The "Don't learn what is known" philosophy: Since 6-DoF localization is solved by VIO/SLAM, LAMP treats it as input. This decouples observer-target motion before the network, achieving performance gains through simplicity.
Early-lifting vs Late-composition: Most world-frame methods predict in camera-space and transform later. LAMP proves that "lifting to world-space rays first" is more accurate, supports causal real-time processing, and enables natural multi-view fusion.
Ray representation as a data engine: By using 3D rays instead of pixels, training data can be synthesized from any motion library. This addresses the "new device, no data" bottleneck, applicable to any sensor array with calibratable geometry (LiDAR, Radar).
Multi-stage cross-attention: Aggregating features at every block effectively extracts geometric and motion information from sparse ray clouds.

Limitations & Future Work¶

Strict dependence on reliable 6-DoF: The method requires accurate camera poses and calibration, making it unsuitable for standard monocular smartphones or web videos without pose data.
Multi-view for full potential: While it beats baselines in monocular settings, its true strength lies in multi-camera configurations.
Local pose precision trade-off: Collapsing pixels into sparse rays loses fine-grained details, resulting in lower PA-MPJPE on EMDB compared to monocular-specific methods. Incorporating pixel-derived information could mitigate this.
Reliance on front-end detection: Performance degrades in dense crowds or during long-term occlusions where 2D detection and Hungarian association fail.

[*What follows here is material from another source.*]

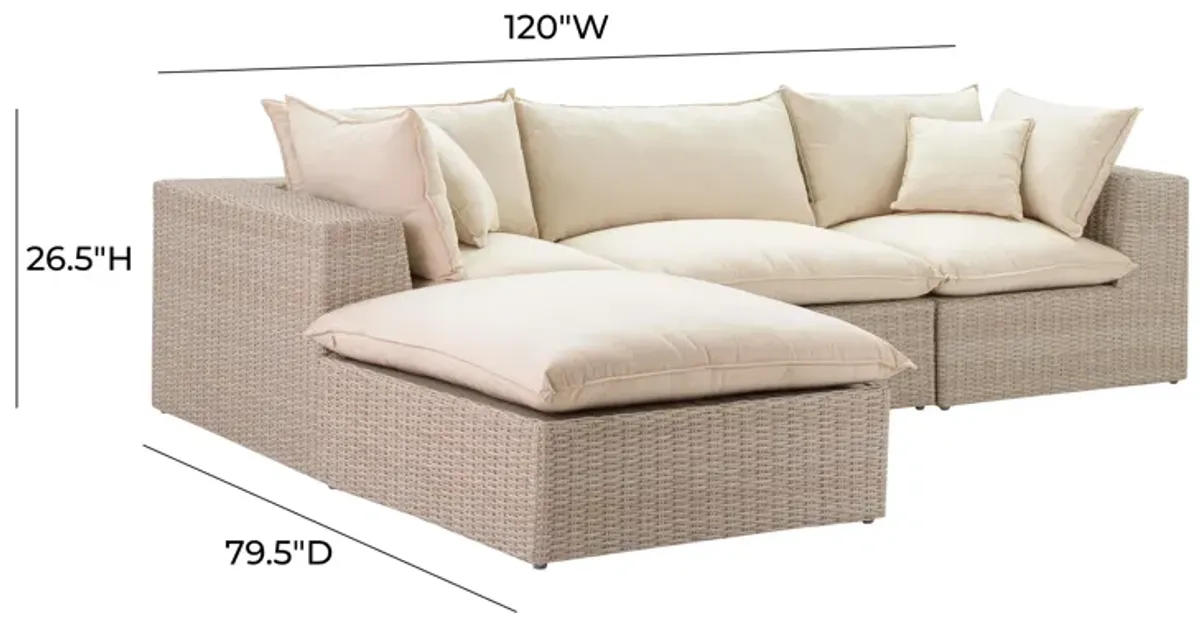 Cali Natural Wicker Outdoor Modular Sectional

vs PromptHMR / TRAM / WHAC: These methods predict in camera-space and scale later. LAMP uses known poses for early world-frame lifting, avoiding late-composition errors and scale ambiguity while supporting causal inference.
vs WHAM / GVHMR: These rely on gyroscopes/gravity for single-camera world-frame alignment. LAMP is designed for multi-camera headsets using the entire 6-DoF pose stream as input.
vs Traditional Triangulation: Classic methods require fixed rigs and overlapping FoVs. LAMP uses motion priors to perform "soft triangulation" across moving, asynchronous, and partial observations.

Rating¶

Novelty: ⭐⭐⭐⭐⭐ The "lift-then-fit" paradigm shift cleanly decouples egocentric motion.
Experimental Thoroughness: ⭐⭐⭐⭐ Extensive evaluation across EMDB/Nymeria with a complete four-way ablation and Aria Gen2 cross-device validation.
Writing Quality: ⭐⭐⭐⭐ Clear motivation and factorization; primary logic is easy to follow.
Value: ⭐⭐⭐⭐⭐ Highly practical for AR/Smart Glasses; the method is real-time, simple, and cross-device compatible.